Still, there were nights when one or two would be seen leaving his wing. Always quietly. Always on their own terms. But in the morning, they would work twice as hard. Smiling less. Focused more.

Because in this mansion, his presence wasn't a reward.

It was motivation.

Amrita had watched this unfold with growing unease.

She saw the change in them. She heard how they spoke to one another—not like rivals, but like a silent order of women bound by something deeper than desire. Like soldiers under a commander they didn't fear—but deeply wanted to please.

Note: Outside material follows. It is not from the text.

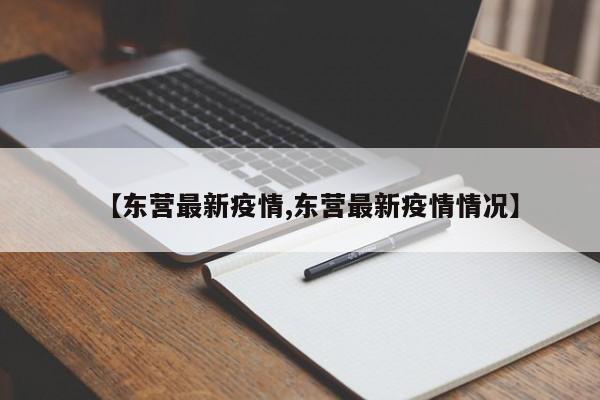 【东营最新疫情,东营最新疫情情况】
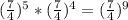 ( \frac{7}{4} )^5* ( \frac{7}{4} )^4 = ( \frac{7}{4} )^9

She studied their eyes. The calm, the alertness, the devotion without desperation. None of them were under a spell. There was no hypnosis here. Just a kind of belief Amrita had never witnessed in trained operatives.

And the strange part?

They were happier now.

Their lives before—the missions, the noise, the manipulation—it all felt artificial compared to the grounded, ruthless clarity they experienced in Thakur's domain.

It wasn't love.

It was recognition.

And it terrified Amrita.

Because part of her was starting to want it too.

One evening, she saw Thakur walking along the garden path with two of the women—Harper and Sofia. He wasn't touching them. He was speaking softly, one hand behind his back. The women were listening, not in awe, but in deep presence.

He turned his head slightly and met Amrita's gaze.

He didn't smile.

But he didn't look away.

He knew she was still watching.

And he was letting her decide when to step closer or keep resisting.

That night, Amrita stayed awake for hours.

Because now she wasn't afraid she'd fail her mission.

She was afraid she'd stop wanting to finish it at all.